- Aim of the task:
Output all of the lines below exactly, and leave out each image.
---------------
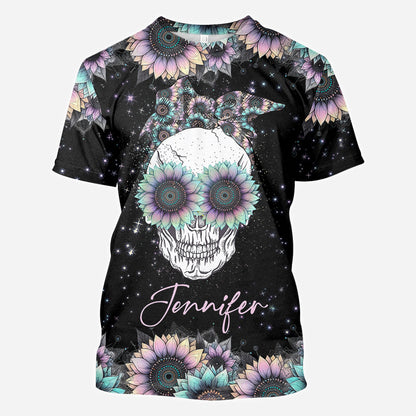 Zero F Given Pink Blue Sunflower - Personalized Skull All Over Shirt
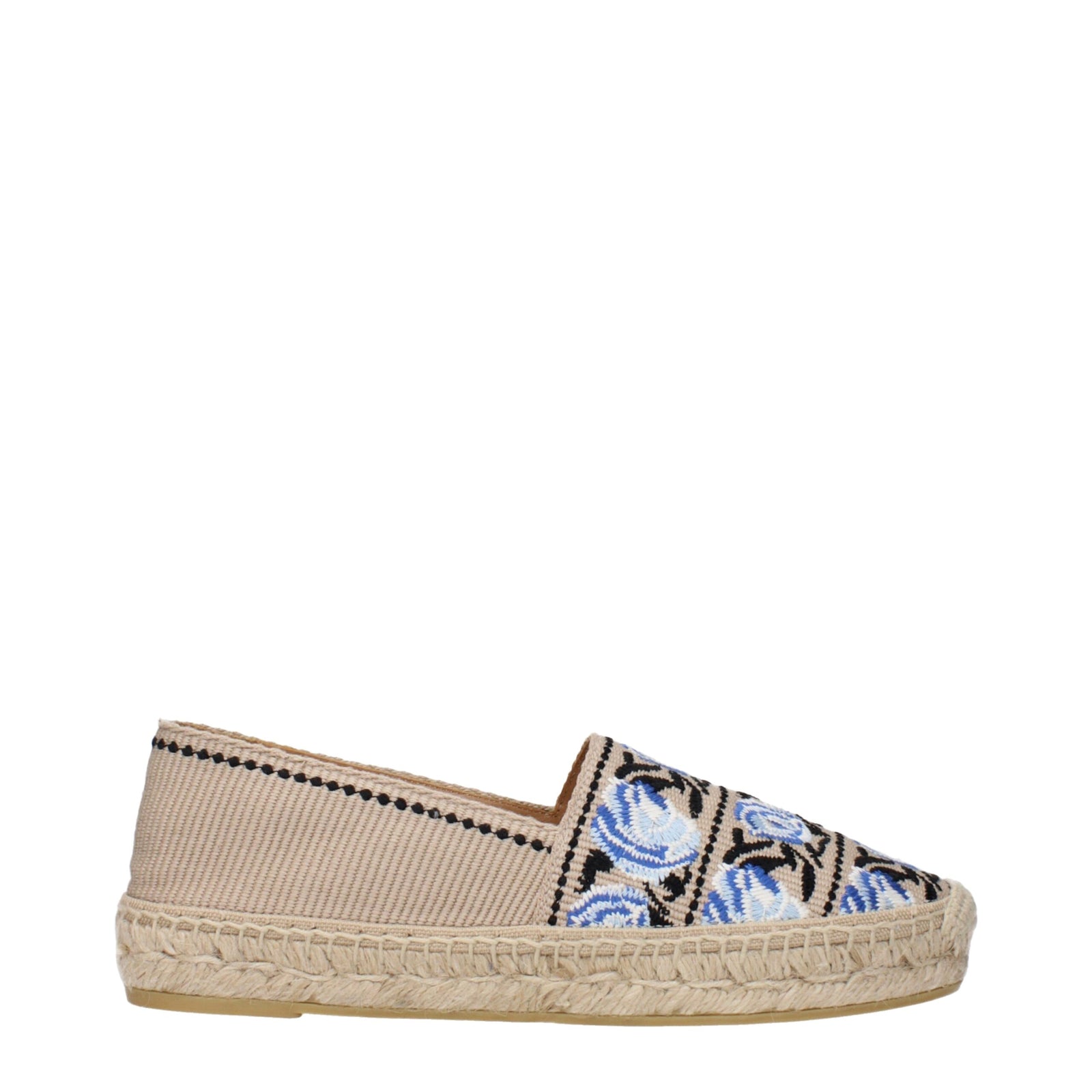 Espadrilles en tissu beige Prada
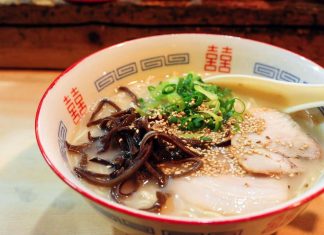 Tonkotsu ramen, one of the most famous foods in Fukuoka, Japan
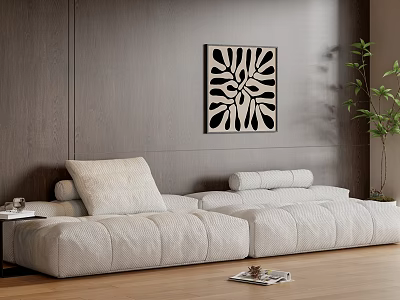 White Sectional Sofa With Cushions In Modern Living Room Wooden Wall Art And Green Plant 3d model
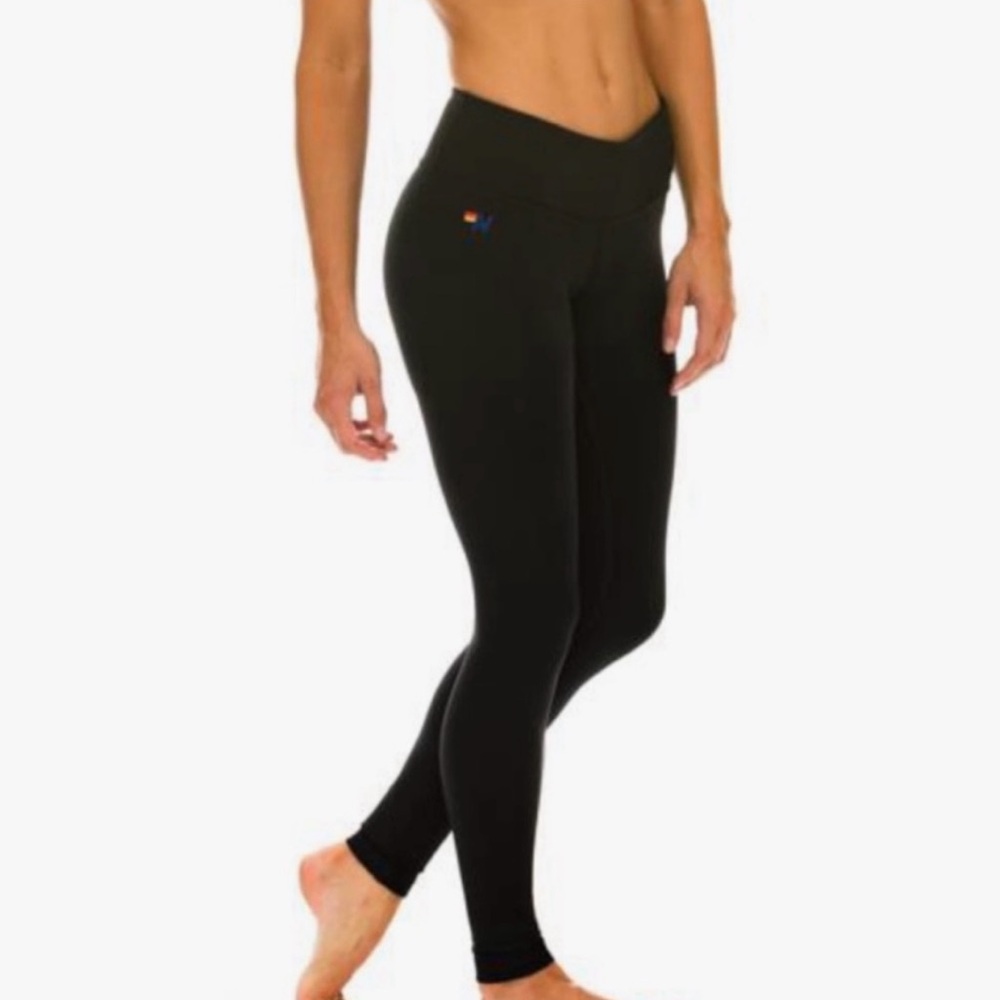AVIATOR NATION Locals Only Leggings Black Print Size S/M High Rise Active Surf - Picture 3 of 12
---------------
- Exercise solution:
 Zero F Given Pink Blue Sunflower - Personalized Skull All Over Shirt
 Espadrilles en tissu beige Prada
 Tonkotsu ramen, one of the most famous foods in Fukuoka, Japan
 White Sectional Sofa With Cushions In Modern Living Room Wooden Wall Art And Green Plant 3d model
AVIATOR NATION Locals Only Leggings Black Print Size S/M High Rise Active Surf - Picture 3 of 12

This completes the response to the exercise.